As Drupal founder Dries Buytaert has suggested, “Open source communities have the power to sustain themselves during an economic downturn, and even to grow.” I worked for an open source company through the last recession, and definitely saw this.

But that corporate perspective may overlook — as Donald Fischer, CEO and co-founder of Tidelift, suggests — the “independent open source maintainers,” meaning the developers who write and maintain the open source code that many companies use to build their applications.

I wrote recently about how projects with millions or even billions of users — like Drupal or curl — are often maintained by developers in it for the fun. What happens when financial or emotional survival trumps fun?

Coding under duress

Aside from five years while I worked at Adobe, I’ve pretty much always worked from home. For 15 years this was a joy. The last several weeks have been anything but. I’m not alone in finding it rough-going.

For Julia Ferraioli, this isn’t because of “WFH.” It’s because of “WDP” [working during pandemic]: “I’ve been working remotely for 2.5 years. The past 2.5 months have left me more exhausted than ever before. This is your reminder that you’re not working remotely. You’re working remotely during a global health crisis.”

This same pressure applies to open source maintainers, Fischer says:

Today independent maintainers are, like many people, under more time and financial pressure than they were only a month or two ago. Most of these creators work on their projects on the side — not as their main day jobs — and personal and professional obligations come before open source work for many.

Even before the coronavirus pandemic hit, this was a true statement. In my interviews with a diverse range of open source maintainers, from curl’s Daniel Stenberg SolveSpace’s Whitequark, most have contributed as a side project, not their day job.

In the case of Stenberg, it took 20 years before he could invest his talents full-time in curl. For Dries Buytaert, it was seven years. For Whitequark, as she told me, work stress at one time caused SolveSpace “development to slow to a crawl.”

It turns out that open source developers are people, subject to the same human pressures as the rest of us. The difference, of course, is that they also write the code the rest of us depend upon.

For free.

More time, less energy

It’s therefore not surprising that Jordan Harband, maintainer of more than 250 JavaScript packages, would tell Fischer, “I think people will have more time to contribute, but less energy to do so.

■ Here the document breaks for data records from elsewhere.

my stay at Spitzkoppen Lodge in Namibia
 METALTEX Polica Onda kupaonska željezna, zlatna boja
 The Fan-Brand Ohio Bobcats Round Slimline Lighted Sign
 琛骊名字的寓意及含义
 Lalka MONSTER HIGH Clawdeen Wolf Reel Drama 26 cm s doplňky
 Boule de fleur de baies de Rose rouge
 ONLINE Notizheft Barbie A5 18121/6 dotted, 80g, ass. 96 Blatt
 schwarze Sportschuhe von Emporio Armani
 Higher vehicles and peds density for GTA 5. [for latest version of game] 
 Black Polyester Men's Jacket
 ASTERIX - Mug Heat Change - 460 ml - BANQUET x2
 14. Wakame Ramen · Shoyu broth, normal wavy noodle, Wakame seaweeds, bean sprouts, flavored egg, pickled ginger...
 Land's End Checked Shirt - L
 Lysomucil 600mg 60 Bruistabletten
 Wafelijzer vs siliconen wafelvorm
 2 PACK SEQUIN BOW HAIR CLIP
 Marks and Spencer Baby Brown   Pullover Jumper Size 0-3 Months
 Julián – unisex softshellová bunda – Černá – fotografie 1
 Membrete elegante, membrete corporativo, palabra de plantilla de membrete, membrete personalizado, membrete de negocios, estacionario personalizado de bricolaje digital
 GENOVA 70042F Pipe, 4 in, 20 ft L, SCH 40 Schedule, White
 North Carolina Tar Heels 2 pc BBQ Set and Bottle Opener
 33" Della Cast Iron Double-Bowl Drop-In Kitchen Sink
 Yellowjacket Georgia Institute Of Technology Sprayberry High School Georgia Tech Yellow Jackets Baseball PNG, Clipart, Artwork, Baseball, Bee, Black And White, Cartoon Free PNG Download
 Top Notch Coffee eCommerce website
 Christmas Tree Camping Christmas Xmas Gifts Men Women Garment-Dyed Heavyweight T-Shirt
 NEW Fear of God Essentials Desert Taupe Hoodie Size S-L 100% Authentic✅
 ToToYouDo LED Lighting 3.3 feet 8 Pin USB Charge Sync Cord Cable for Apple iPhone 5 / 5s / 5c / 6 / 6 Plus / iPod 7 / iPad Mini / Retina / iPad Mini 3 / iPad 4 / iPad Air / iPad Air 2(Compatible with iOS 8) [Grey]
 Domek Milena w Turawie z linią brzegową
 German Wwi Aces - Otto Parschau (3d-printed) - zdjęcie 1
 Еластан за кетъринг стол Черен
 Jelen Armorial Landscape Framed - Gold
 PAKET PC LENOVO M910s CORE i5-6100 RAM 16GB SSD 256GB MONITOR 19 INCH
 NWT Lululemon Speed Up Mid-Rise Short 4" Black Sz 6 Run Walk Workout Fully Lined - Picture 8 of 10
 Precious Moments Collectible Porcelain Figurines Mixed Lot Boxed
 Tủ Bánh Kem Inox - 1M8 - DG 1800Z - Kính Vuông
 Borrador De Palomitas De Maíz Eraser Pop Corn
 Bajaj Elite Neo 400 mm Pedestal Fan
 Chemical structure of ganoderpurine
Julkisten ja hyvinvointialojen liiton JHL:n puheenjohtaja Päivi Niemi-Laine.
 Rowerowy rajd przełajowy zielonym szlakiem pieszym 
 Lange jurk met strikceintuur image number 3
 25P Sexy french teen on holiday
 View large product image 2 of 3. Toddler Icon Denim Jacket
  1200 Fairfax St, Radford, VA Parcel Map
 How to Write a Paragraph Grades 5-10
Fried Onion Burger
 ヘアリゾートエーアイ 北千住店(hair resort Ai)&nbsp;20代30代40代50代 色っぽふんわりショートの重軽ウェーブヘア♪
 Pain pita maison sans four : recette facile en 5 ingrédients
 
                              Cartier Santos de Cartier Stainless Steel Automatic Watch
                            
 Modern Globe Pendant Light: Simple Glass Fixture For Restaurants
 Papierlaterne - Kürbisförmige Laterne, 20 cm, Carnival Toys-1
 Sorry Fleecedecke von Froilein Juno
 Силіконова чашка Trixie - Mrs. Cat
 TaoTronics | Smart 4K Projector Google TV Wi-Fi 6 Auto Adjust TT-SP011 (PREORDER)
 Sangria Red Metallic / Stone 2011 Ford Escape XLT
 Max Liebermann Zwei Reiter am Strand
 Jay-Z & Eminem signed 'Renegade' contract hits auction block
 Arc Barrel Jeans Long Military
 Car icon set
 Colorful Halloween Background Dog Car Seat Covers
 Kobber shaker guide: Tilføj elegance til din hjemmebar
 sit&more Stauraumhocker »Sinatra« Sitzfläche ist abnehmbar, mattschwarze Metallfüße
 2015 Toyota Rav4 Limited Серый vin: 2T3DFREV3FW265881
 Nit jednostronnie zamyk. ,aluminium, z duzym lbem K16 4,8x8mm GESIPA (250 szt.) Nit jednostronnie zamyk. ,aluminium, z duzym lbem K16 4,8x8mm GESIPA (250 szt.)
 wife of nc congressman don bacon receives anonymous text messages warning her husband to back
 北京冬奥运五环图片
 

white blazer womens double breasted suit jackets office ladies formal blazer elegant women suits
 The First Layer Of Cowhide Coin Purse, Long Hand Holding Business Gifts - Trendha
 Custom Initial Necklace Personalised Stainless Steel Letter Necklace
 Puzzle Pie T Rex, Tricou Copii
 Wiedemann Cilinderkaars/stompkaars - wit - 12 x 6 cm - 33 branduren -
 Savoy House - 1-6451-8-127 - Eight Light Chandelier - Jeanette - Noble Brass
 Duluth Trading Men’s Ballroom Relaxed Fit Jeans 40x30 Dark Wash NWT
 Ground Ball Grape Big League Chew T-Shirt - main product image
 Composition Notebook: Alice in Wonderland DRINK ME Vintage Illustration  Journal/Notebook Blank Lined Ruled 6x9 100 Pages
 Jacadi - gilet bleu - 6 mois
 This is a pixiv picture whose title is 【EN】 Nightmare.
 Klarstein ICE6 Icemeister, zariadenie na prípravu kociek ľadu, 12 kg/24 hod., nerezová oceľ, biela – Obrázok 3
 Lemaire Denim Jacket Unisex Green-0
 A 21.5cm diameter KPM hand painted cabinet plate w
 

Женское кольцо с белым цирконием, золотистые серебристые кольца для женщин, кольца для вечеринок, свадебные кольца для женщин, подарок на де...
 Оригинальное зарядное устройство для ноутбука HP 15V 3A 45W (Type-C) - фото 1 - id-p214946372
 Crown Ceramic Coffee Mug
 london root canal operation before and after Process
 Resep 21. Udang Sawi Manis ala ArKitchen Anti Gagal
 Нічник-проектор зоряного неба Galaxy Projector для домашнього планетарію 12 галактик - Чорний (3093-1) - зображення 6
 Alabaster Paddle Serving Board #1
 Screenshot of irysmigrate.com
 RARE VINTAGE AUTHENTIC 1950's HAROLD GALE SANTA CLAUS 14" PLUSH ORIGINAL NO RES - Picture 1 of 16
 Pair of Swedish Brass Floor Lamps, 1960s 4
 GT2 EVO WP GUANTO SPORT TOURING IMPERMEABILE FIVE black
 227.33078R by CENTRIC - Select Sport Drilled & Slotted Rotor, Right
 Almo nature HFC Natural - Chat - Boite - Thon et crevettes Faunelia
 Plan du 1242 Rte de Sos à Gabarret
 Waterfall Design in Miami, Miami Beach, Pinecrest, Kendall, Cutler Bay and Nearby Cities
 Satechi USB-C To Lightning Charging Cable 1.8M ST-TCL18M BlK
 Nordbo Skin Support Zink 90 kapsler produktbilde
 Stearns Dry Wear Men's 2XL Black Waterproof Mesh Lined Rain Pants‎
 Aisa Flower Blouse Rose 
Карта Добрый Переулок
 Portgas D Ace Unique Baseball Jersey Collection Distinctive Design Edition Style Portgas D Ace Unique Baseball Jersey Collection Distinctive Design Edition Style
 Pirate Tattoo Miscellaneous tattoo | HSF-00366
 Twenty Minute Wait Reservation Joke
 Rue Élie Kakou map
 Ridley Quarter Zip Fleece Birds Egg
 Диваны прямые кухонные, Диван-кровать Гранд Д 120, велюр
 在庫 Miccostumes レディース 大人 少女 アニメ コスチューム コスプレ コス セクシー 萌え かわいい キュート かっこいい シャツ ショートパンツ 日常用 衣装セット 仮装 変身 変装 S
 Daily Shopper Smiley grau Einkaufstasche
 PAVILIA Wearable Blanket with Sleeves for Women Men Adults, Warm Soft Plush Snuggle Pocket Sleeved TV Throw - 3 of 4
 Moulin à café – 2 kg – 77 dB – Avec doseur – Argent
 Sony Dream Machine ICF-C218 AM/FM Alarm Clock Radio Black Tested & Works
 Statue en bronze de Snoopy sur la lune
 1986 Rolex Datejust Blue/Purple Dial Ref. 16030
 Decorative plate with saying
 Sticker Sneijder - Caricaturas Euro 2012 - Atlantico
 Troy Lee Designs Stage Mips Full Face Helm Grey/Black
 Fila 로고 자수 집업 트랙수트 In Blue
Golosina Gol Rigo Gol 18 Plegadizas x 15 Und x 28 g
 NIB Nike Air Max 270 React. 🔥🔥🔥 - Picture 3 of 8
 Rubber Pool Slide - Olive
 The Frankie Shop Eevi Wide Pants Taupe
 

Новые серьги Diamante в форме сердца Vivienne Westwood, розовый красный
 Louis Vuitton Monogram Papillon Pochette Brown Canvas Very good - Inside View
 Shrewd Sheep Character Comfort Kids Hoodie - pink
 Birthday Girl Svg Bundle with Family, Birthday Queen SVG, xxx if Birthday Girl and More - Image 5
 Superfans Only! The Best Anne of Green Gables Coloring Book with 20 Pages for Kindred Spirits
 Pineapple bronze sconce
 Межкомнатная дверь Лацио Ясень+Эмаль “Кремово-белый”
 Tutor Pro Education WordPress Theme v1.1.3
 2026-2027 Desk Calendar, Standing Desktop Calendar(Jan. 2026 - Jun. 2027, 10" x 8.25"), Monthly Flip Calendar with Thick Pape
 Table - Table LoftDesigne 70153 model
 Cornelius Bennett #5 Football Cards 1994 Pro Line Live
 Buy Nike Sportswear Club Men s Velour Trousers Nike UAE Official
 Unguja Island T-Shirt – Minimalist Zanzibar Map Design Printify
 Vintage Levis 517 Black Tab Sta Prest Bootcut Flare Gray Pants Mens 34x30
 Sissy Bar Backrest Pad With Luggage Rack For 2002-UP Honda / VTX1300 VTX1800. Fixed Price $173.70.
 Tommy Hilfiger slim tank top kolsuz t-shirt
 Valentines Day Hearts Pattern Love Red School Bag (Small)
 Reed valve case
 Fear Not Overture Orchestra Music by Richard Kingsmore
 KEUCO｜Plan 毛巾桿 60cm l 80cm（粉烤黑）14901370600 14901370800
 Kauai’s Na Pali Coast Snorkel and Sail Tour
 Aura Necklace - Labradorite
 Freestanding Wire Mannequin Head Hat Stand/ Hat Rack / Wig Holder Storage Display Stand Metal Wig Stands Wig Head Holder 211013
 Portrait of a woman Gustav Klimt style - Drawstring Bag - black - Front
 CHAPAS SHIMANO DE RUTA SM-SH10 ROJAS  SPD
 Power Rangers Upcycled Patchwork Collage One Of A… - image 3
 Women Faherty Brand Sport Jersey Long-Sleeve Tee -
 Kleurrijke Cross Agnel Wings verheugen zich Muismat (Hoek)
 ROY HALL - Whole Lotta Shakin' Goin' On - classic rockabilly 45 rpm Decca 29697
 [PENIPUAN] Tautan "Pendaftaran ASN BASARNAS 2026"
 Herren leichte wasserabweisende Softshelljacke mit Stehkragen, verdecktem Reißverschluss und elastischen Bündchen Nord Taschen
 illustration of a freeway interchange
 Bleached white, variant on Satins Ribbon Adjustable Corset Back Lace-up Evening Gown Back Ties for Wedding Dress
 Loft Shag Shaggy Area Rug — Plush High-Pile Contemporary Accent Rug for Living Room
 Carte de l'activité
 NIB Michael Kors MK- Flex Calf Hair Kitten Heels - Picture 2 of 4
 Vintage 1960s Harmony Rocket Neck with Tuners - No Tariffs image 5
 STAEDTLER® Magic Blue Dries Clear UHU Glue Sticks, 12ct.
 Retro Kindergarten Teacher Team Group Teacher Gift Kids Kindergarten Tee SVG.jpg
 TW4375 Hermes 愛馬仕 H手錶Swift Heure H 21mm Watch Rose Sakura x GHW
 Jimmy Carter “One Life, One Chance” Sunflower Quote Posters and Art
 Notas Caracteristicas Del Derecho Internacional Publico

Most of it will be tied up in dealing with the psychology of being stuck in your house, perhaps newly working outside of an office, or worse, not working at all, and trying to figure out how to pay the bills.”

Open source is still fun, in other words, but some of that “fun” might be swallowed up in the stress of the moment. So what to do?

One thing that gives me hope that open source communities will come through the pandemic stronger than ever is not a matter of “open” or “source,” but that last word, “community.” In my recent conversation with Stenberg, he talked about the energy and insights he gets from the curl contributor community:

It’s really the contributors that make up the best part of the community for me. They are the team I hang out with and communicate with, bounce ideas with, and try out things in order to figure out where to go next and how to fix the most complicated things. It would be a lonelier place with “only users” [of curl].... It would make me get bored quickly.

Because of that community, Stenberg not only gets ideas and insight, but also energy and support, including support to get through this seemingly interminable pandemic. The same is true over at SolveSpace. Whitequark recruited other maintainers so that she doesn’t have to shoulder the burden alone. Many projects are like this.

In short, while Fischer is absolutely correct that we should be concerned about the many individual open source maintainers, the great hope in this mess is that they’re not really alone. At least, not all of them. The strength of open source is community, now more than ever.